:: Task data

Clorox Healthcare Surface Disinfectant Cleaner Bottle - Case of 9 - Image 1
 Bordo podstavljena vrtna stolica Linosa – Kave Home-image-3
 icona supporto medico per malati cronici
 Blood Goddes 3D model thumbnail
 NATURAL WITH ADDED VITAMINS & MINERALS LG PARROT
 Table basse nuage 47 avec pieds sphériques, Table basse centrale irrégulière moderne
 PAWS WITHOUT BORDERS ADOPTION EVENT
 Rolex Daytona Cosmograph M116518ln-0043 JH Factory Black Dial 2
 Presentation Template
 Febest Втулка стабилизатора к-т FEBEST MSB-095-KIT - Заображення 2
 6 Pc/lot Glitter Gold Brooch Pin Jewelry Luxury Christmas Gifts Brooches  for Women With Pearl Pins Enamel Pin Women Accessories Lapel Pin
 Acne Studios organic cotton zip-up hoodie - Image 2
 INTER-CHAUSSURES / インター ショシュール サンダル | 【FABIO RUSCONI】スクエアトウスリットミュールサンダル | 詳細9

::::

▶ [Instructions to follow] Would you transcribe all of the data, keeping each line exact?

▶ [Answer to this exercise]
Clorox Healthcare Surface Disinfectant Cleaner Bottle - Case of 9 - Image 1
 Bordo podstavljena vrtna stolica Linosa – Kave Home-image-3
 icona supporto medico per malati cronici
 Blood Goddes 3D model thumbnail
 NATURAL WITH ADDED VITAMINS & MINERALS LG PARROT
 Table basse nuage 47 avec pieds sphériques, Table basse centrale irrégulière moderne
 PAWS WITHOUT BORDERS ADOPTION EVENT
 Rolex Daytona Cosmograph M116518ln-0043 JH Factory Black Dial 2
 Presentation Template
 Febest Втулка стабилизатора к-т FEBEST MSB-095-KIT - Заображення 2
 6 Pc/lot Glitter Gold Brooch Pin Jewelry Luxury Christmas Gifts Brooches  for Women With Pearl Pins Enamel Pin Women Accessories Lapel Pin
 Acne Studios organic cotton zip-up hoodie - Image 2
 INTER-CHAUSSURES / インター ショシュール サンダル | 【FABIO RUSCONI】スクエアトウスリットミュールサンダル | 詳細9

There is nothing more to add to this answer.